Doch seit dem ich hier wieder ankam waren Stunden vergangen. 
Man hatte Wachen vor meine Tür gestellt, doch gab mir niemand Auskunft darüber, was nun los war. 
Darmin war sicherlich schon angekommen, oder? Immerhin war er so furchtbar schnell, vor allem wenn er allein war. 
Mit mir ohne Pause war es einen Tag, mit Pause zwei. Doch so ganz allein und mit dem Wissen, dass das Rudel in Gefahr war, ist er sicherlich bei weitem schneller unterwegs. 
Dario würde sicherlich länger brauchen.
Unruhig lief ich auf und ab, ignorierte dabei den Teller mit Essen der auf dem Tisch im Wohnbereich war.
Allein beim Gedanken an Essen wurde mir schlecht.
Ich konnte doch nicht einfach in so einer Situation so tun, als wäre nichts gewesen und einfach weiter machen. 
Es machte mich viel mehr fast wahnsinnig so unglaublich hilflos in dieser Situation zu sein. 

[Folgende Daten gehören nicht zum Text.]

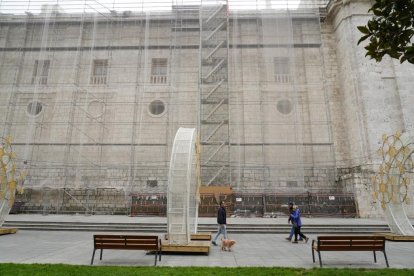 Andamios en la Catedral de Valladolid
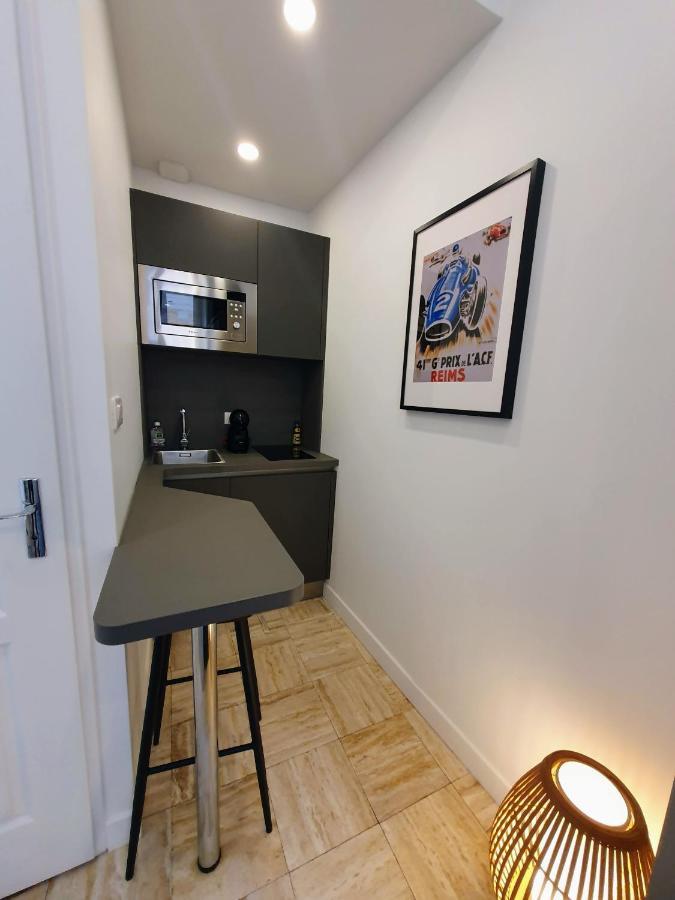 Appartement Premium Dans Une Belle Demeure - Hyper Centre-Ville De Реймс Екстер'єр фото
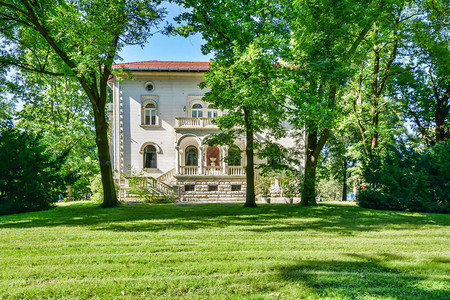 19世纪在波兰洛兹市理工大学中心建造的19世纪建筑背景图片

Aber ich konnte einfach nichts machen. War nicht mehr als ein einfacher Mensch. Ja, ich war die Gefährtin eines Werwolfs, sogar die eines Alphas, doch brachte mir das ganze gar nicht. 
Ich konnte nicht einfach zu unserem Territorium zurück gehen, da man mich garantiert aufhalten würde. Ganz davon abgesehen, dass ich es allein sowieso garantiert niemals gefunden hätte. Viel eher hätte ich mich hoffnungslos verlaufen. 

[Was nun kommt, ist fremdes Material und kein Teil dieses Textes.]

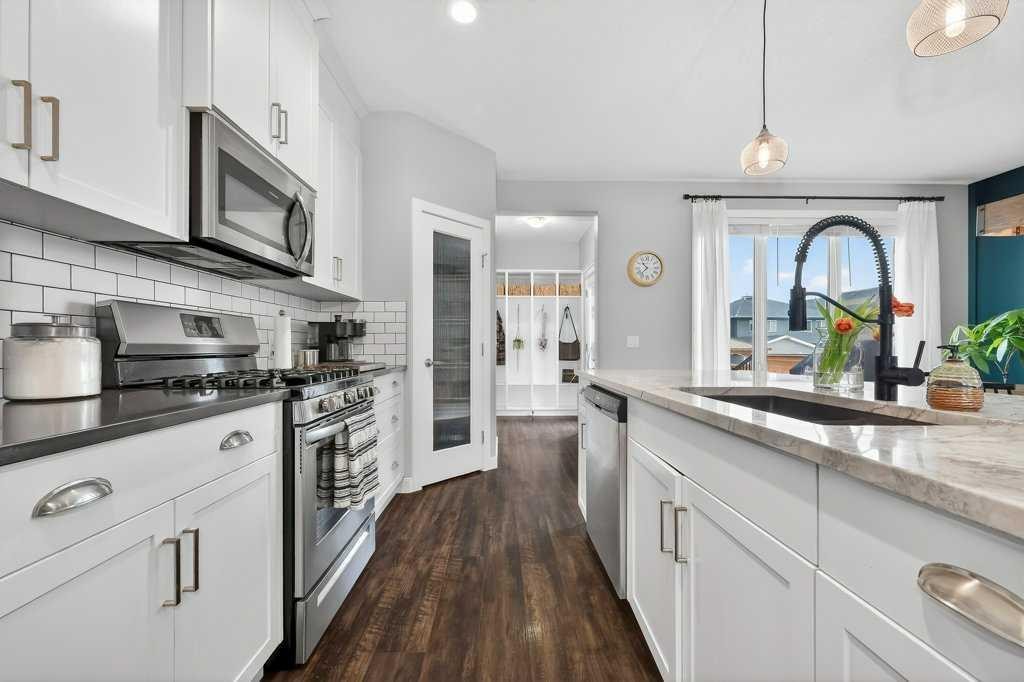 92 Fireside Crescent, Cochrane, AB - Indoor Photo Showing Kitchen With Upgraded Kitchen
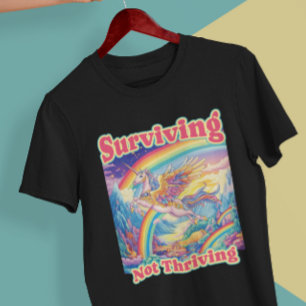 Överlever men frodas inte – regnbågs enhörningströ t shirt
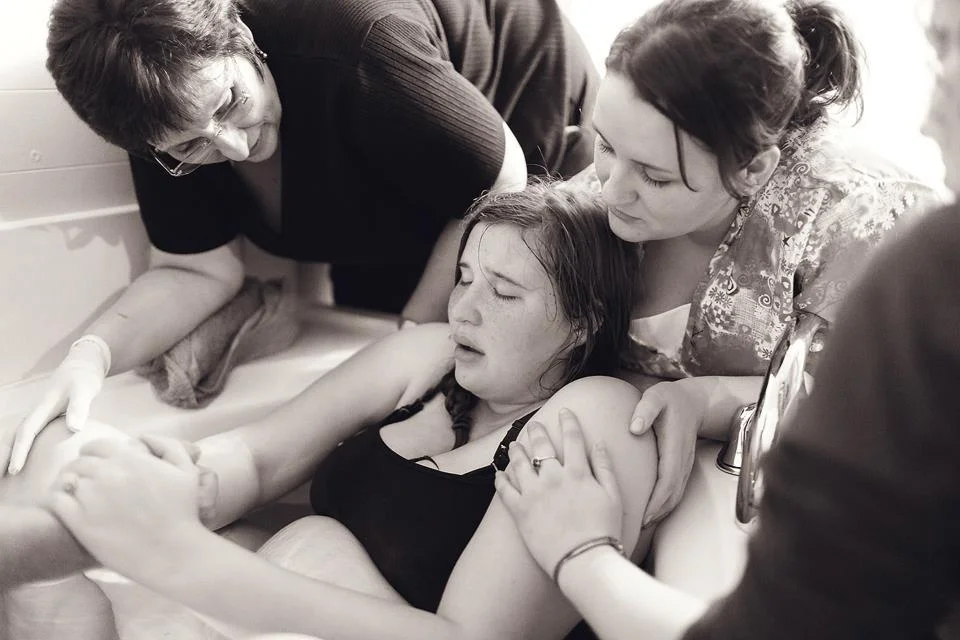Midwifery at birth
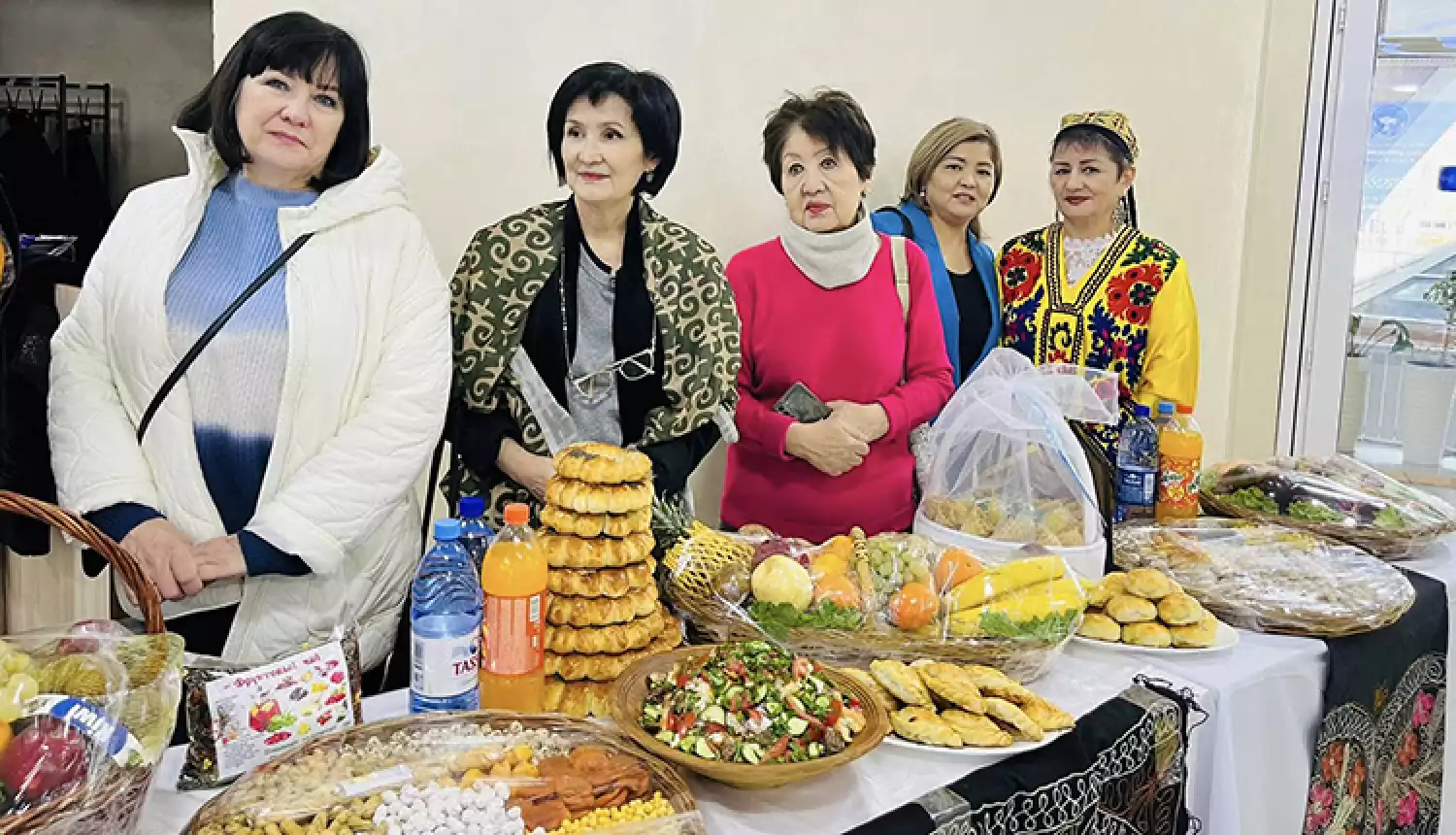 Яркая палитра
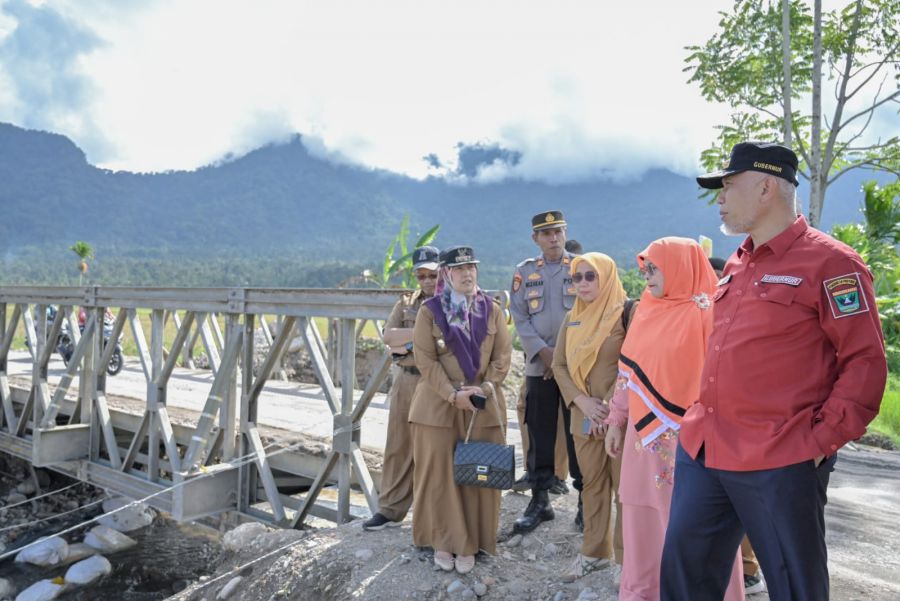 Tinjau Pembangunan Jembatan Kurambik di Maninjau, Gubernur Mahyeldi Minta 2023 ini Mesti Tuntas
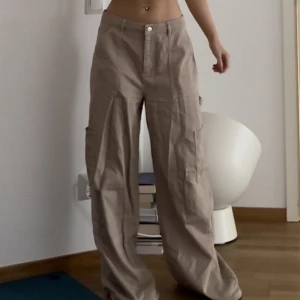 Baggy jeans bega - Midjemått: 40 cm Innerbenslängd: 77 cm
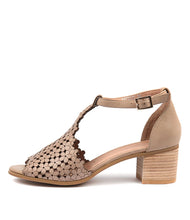 Load image into Gallery viewer, Django &amp; Juliette - Dressie Sandals Latte Leather
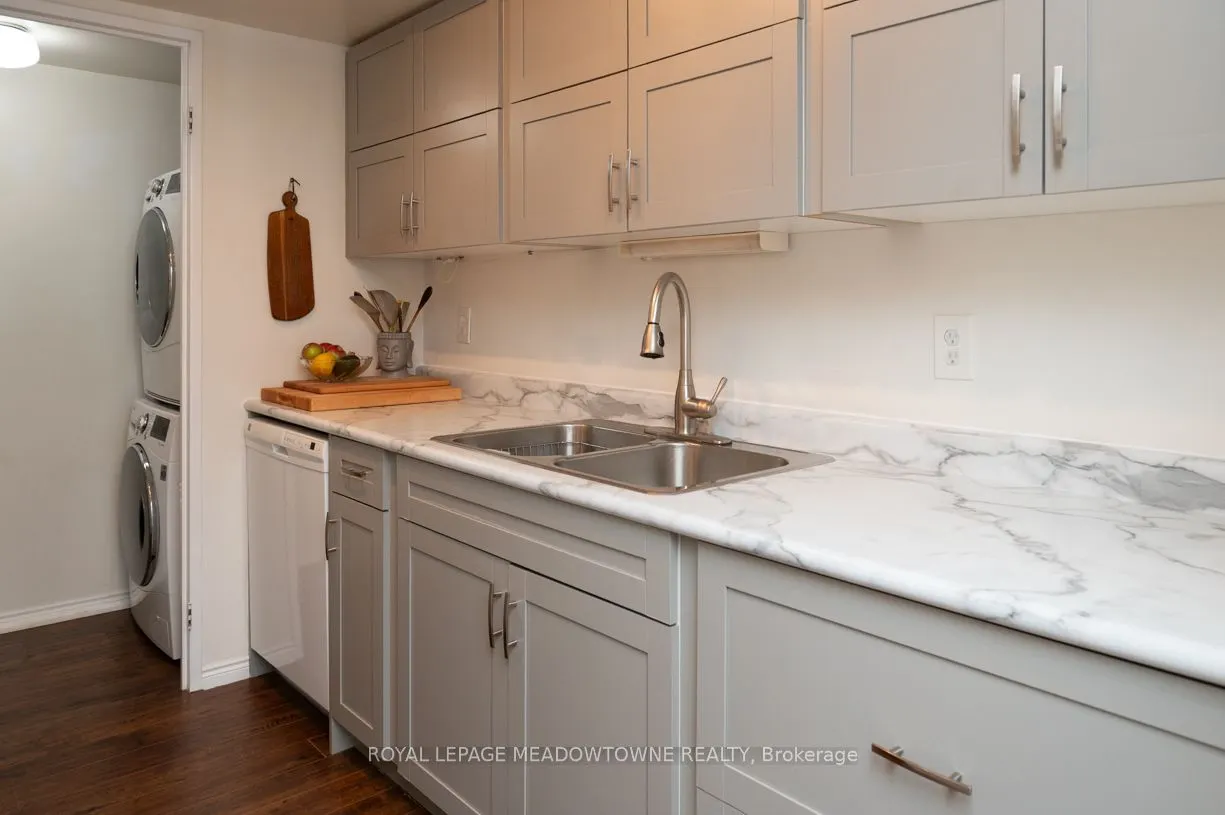 14924 Yonge Street, #201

Von draußen ertönte das heulen von Wölfen. Nicht von drei oder vier, sondern von unglaublich vielen.
Erschrocken lief ich zum Fenster, doch konnte ich aufgrund der Dunkelheit nichts sehen, außer die Umrisse der nächsten Bäume.
Was war da nur los?
Wurde das Rudel hier etwa auch angegriffen?
Ein Blick Richtung der Eingangstür verriet mir jedoch, dass meine Wache immer noch vor dem Haus stand und sich kein Stück von der Stelle bewegt hatte. 
Das Heulen hielt mehrere Minuten an, danach war es totenstill. 
Ich fühlte mich unwohl und auch nicht wirklich sicher. 
Meine menschlichen Augen waren einfach nicht gut genug dafür irgendetwas draußen zu erkennen.
Ich hatte aber ehrlich nicht weiter vor, hier einfach im Haus zu hocken. 
Also ohne groß weiter zu zögern verließ ich das Haus.
Verblüfft sah mich der wache haltende Werwolf an. 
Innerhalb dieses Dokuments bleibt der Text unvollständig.